● What you have to do:
Output every record exactly and leave each picture out.

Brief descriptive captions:
——

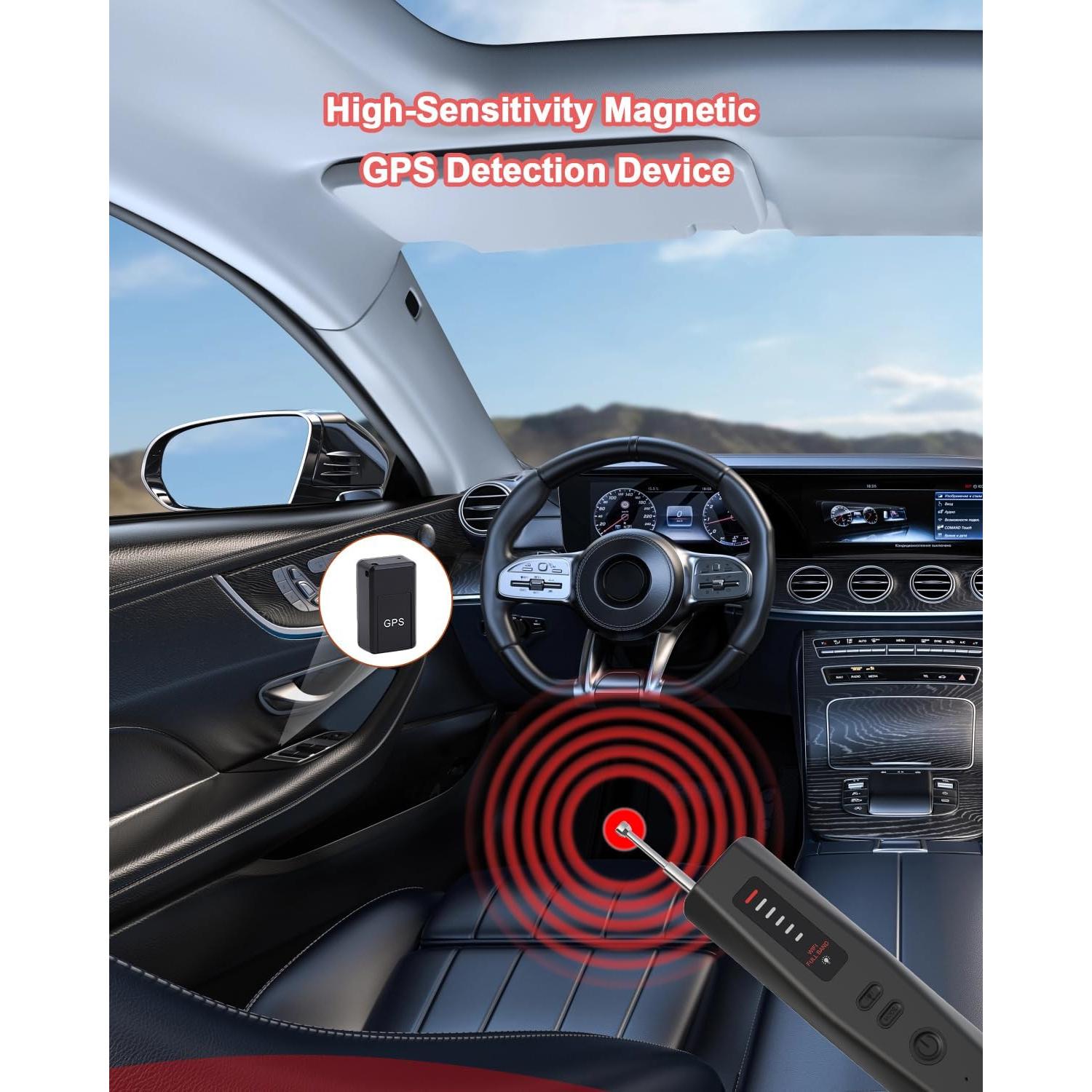 Detector de Cámara Oculta Loovett 2025, 360° RF, Portátil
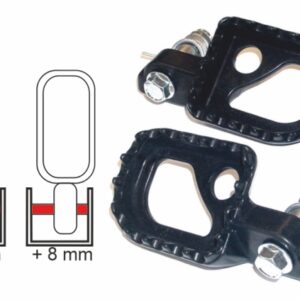 RQF Fußrasten Extra breit schwarz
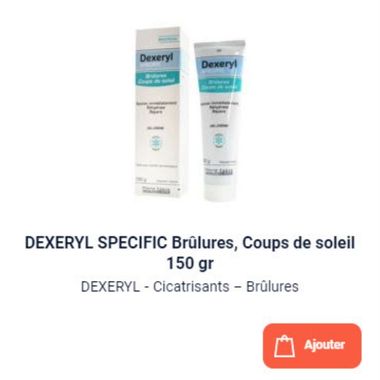 creme dexeryl brulure
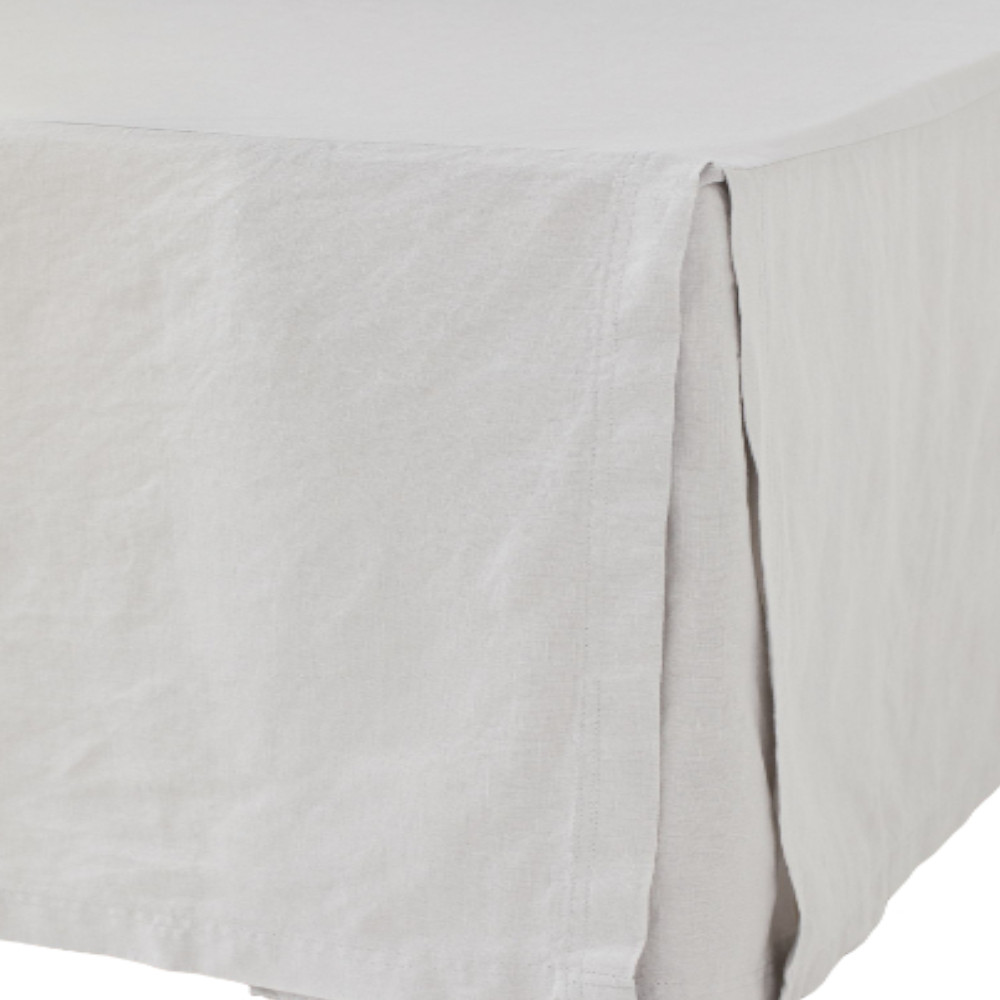 Подзор для кровати H&M Home Linen-blend, светло-серый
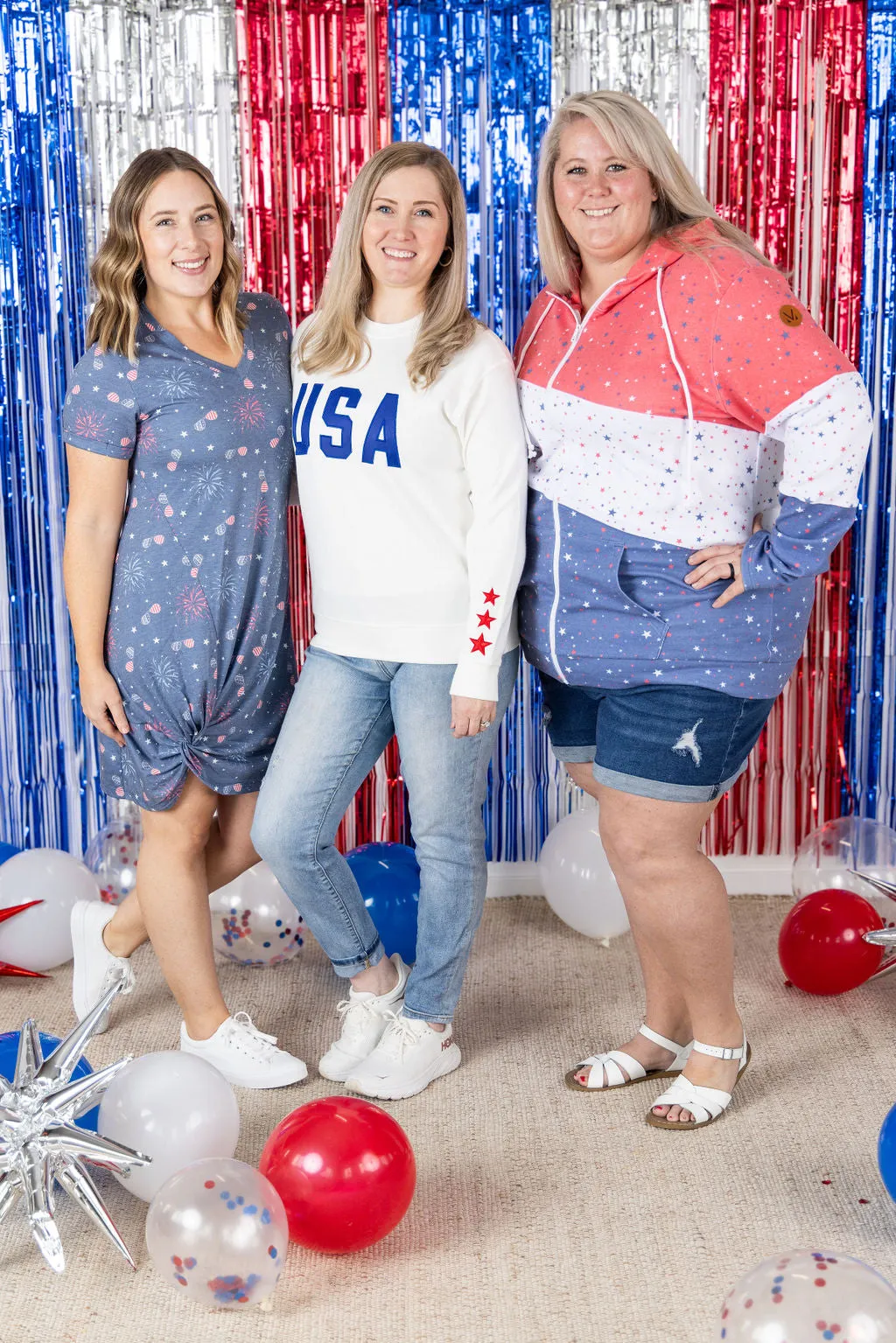 IN PRODUCTION Colorblock Fullzip - Liberty Stars Trio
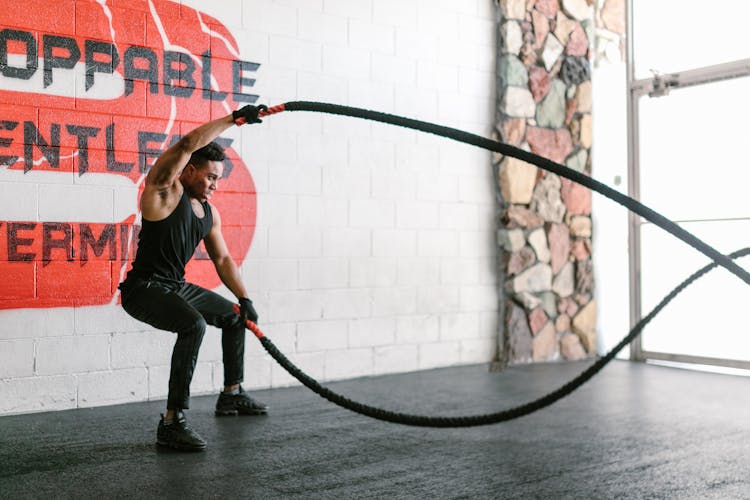 A Man Doing Workout 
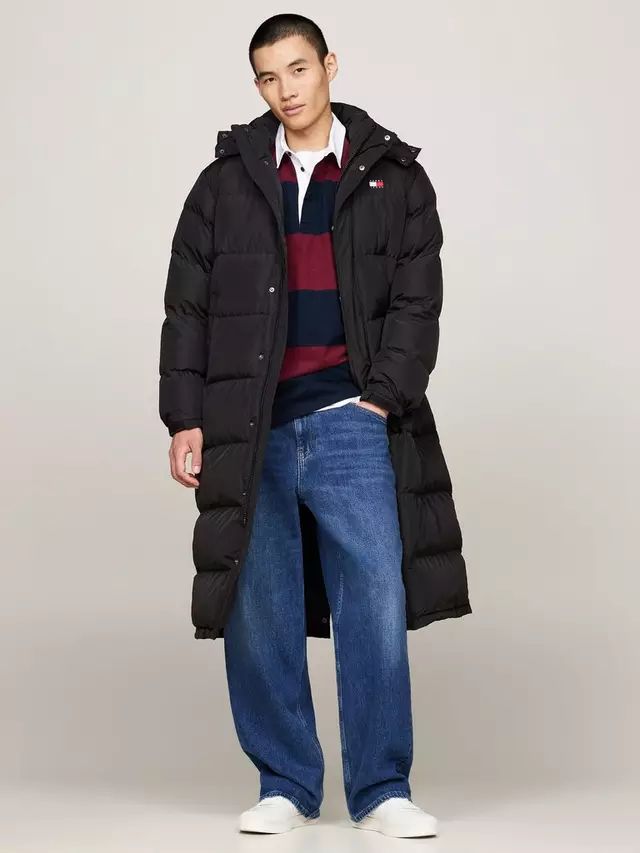 

Парка Tommy Hilfiger Tommy Jeans Alaska Maxi, черный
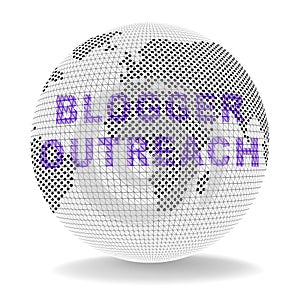 Blogger Outreach Influencer Engagement Content 3d Illustration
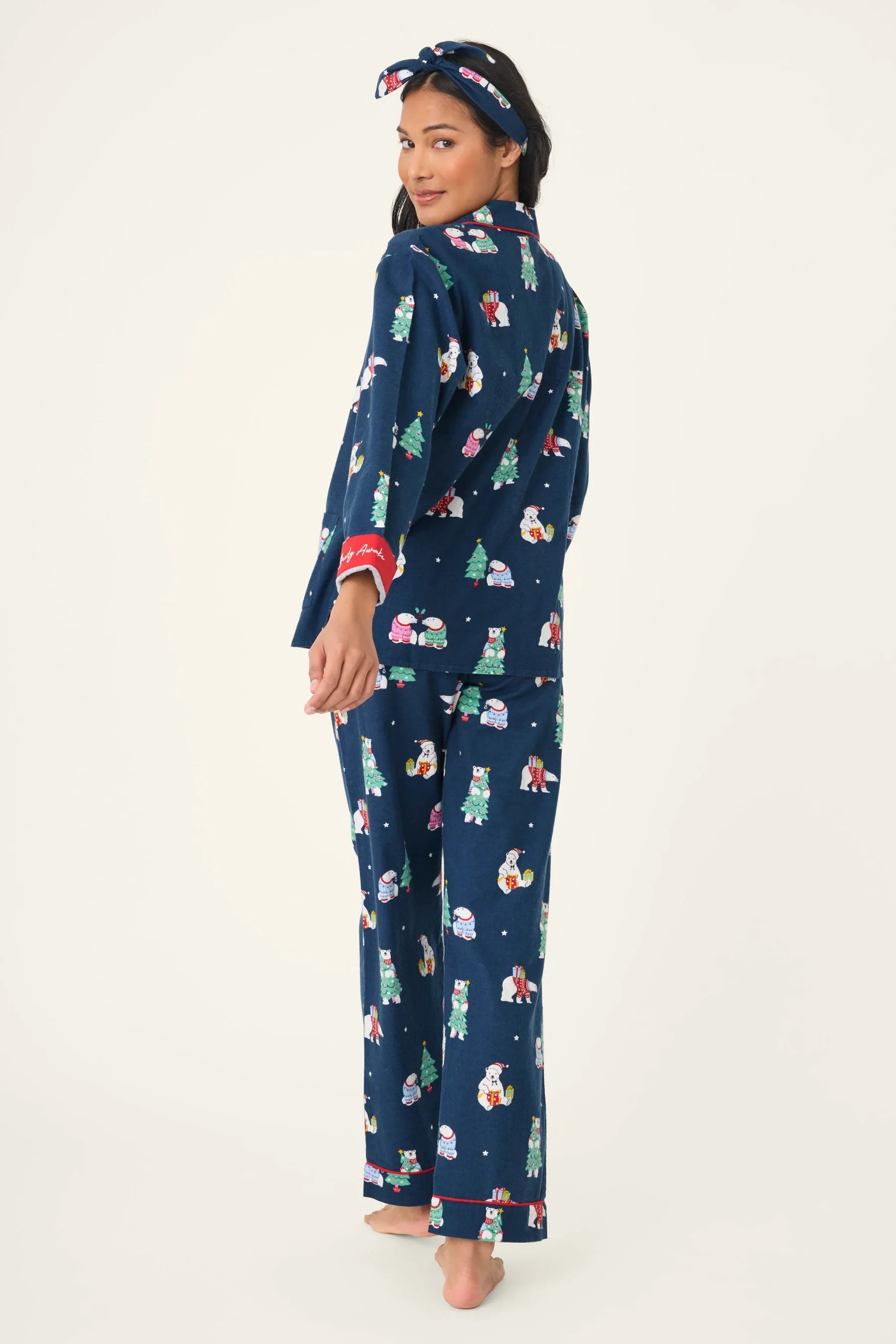 Bearly Awake 3-Piece Flannel PJ Set Sleepwear P.J. Salvage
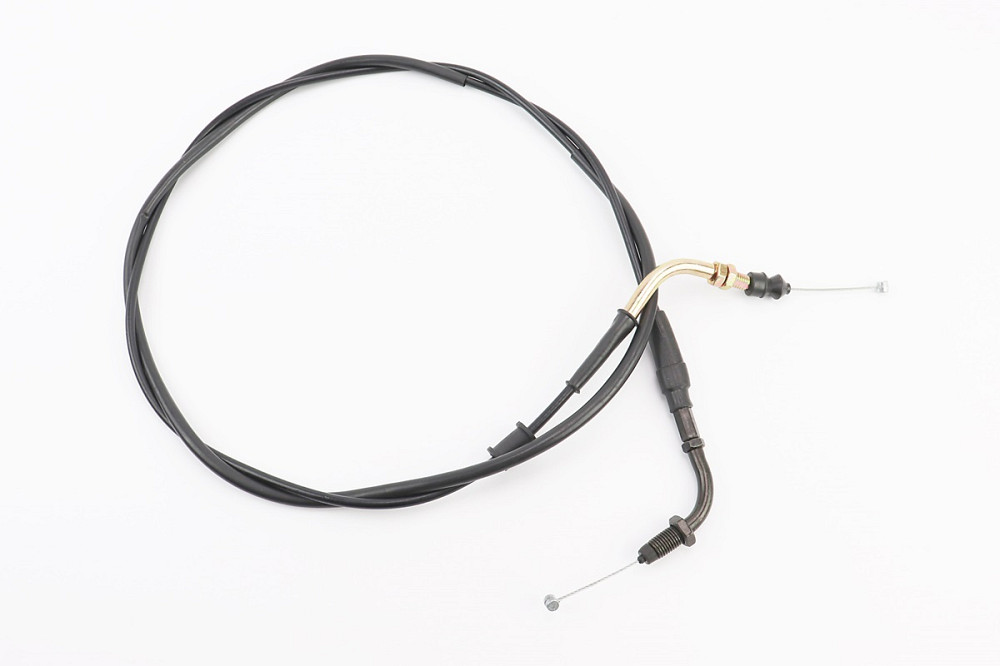 Трос газу 4Т-50cc (кріплення верхнє з різьбленням) (трос 188см; кожух 177см) Київ - фото 1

——

● Solution for this exercise:
 Detector de Cámara Oculta Loovett 2025, 360° RF, Portátil
 RQF Fußrasten Extra breit schwarz
 creme dexeryl brulure
 Подзор для кровати H&M Home Linen-blend, светло-серый
 IN PRODUCTION Colorblock Fullzip - Liberty Stars Trio
 A Man Doing Workout 

Парка Tommy Hilfiger Tommy Jeans Alaska Maxi, черный
 Blogger Outreach Influencer Engagement Content 3d Illustration
 Bearly Awake 3-Piece Flannel PJ Set Sleepwear P.J. Salvage
 Трос газу 4Т-50cc (кріплення верхнє з різьбленням) (трос 188см; кожух 177см) Київ - фото 1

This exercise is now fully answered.